Sure, it was Davis and Iupati who sneaked in for some first-team repetitions. But they didn’t exactly dominate. Davis got beat fairly regularly on pass plays, and committed a few false starts along the way. Iupati looked more at ease – until one-on-one blocking drills during the two-day minicamp, when he learned some lessons from the likes of Demetric Evans and Derek Walker.

Mays and Bowman certainly weren’t perfect. Bowman was torched on some passes, though seeing an inside linebacker chasing a receiver deep downfield would seem to signal a defect in the coverage scheme rather than the player. And it’s true that it’s easier for a defensive player than an offensive lineman to impress in a non-contact drill.

But without a doubt, toward the end of the program, Mays and Bowman were making big plays. The safety intercepted both David Carr and Nate Davis on the second-to-last day, and the linebacker jumped an Alex Smith pass for a certain pick-six touchdown in the final practice.

How encouraging was Mays’ progress?

Here’s what coach Mike Singletary said about him last week: “I think it’s just important for him to not really look at anything that’s happened during these OTAs and say, ‘Wow, I’ve arrived. See, I told them.’ No. You know what? Keep your nose to the grindstone, keep working, because what’s he done, there’s a whole lot there. It’s just a matter of the commitment that he has to have, day in and day out, to get it done.”

Break out your NFL Coach Decoder Ring, and it translates to “This kid is doing great.” If Mays, considered a raw prospect despite his tremendous physical skills, had been struggling, Singletary no doubt would have boosted him up a little publicly. The fact that the coach was attempting to keep Mays grounded spoke volumes of his development.

Singletary went on to describe Mays as a veritable sponge for learning the intricacies of NFL pass coverage.

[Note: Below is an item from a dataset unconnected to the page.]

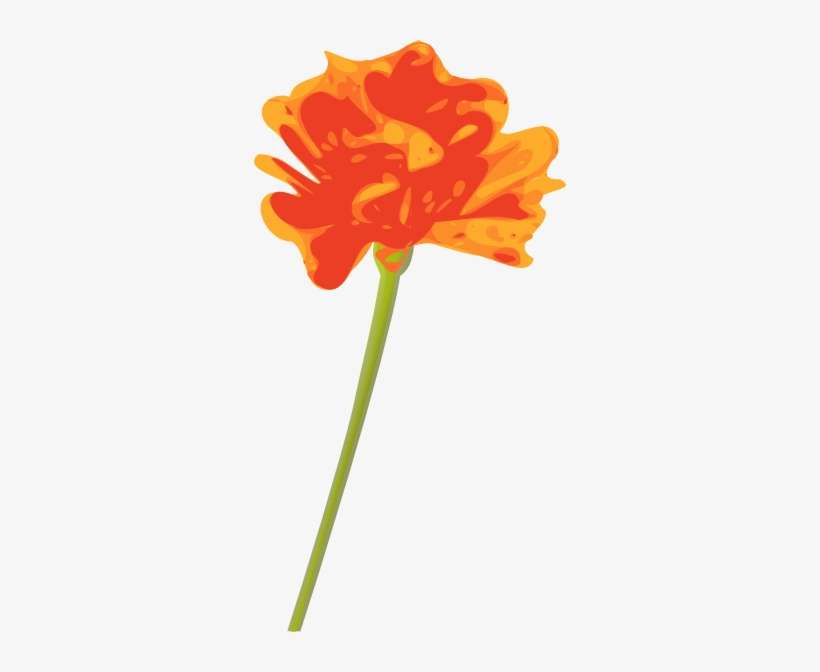 Orange Flower Clipart, transparent png download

“He is a breath of fresh air in terms of his work ethic, his mindset,” Singletary said. “He’s driving V.J. (secondary coach Vance Joseph) and Johnnie (Lynn) crazy. He’s called me a few times. He’s called them a few times: ‘Hey coach, what about this? Hey coach, what about that? Can we get together tomorrow? Can we do this? Can I come in on Sunday?’ I know V.J. is like, ‘Man, are you kidding me?’ “

Asked about Mays’ habit of standing 35 yards off the line of scrimmage and consulting Lynn during his off-plays, Singletary said that was entirely the rookie’s idea, adding that the 49ers’ pre-draft investigation had already prepared them for such focus.

“I had a chance to talk to a number of different people about him, and they all talked about his work ethic,” the coach said. “It’s nice to see that he’s following through.”

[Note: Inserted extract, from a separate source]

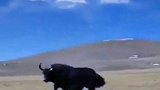 青藏高原野牦牛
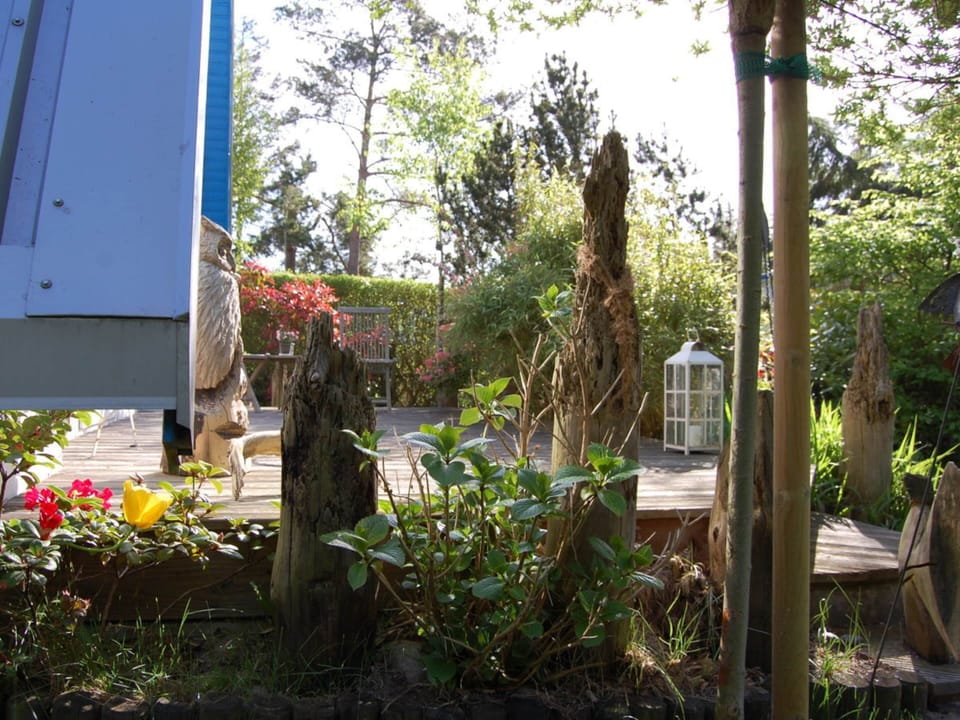 House | Property grounds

Safety Reggie Smith, still ahead of Mays on the depth chart and a good bet to remain there this season, also like what he sees in the rookie from USC.

“Hell of an athlete, man,” Smith said. “He can cover the field. Everybody knows he has speed. Like everybody else – me and Curtis (Taylor) and all the safeties right behind us – it’s just getting in that playbook. He’s a freak of an athlete and can do a lot of things. Big body. If he can just get that playbook down, he’ll be fine.”

Bowman doesn’t leap out physically as much as Mays. But he’s a versatile, physical linebacker who also has coaches and veterans singing his praises. Over the past couple weeks, Bowman seemed quick in his reads and confident in pass coverage (when he wasn’t 25 yards downfield).

Takeo Spikes, who has played linebacker for 12-plus NFL seasons, has been encouraged by the 49ers’ third-round draft choice. He also cautions that until you get to training camp, you don’t really know what you have in a player. And that lesson can be applied to Mays, Davis, Iupati and the rest of the first-year guys.

“It’s an ongoing process. So far, from what’s been given to him, he’s doing a pretty decent job, as far as understanding what he’s supposed to be doing,” Spikes said of Bowman. “And at this point, that’s what you want of a rookie right now. It all changes when you slip the pads on. Everybody can be swimsuit champions.”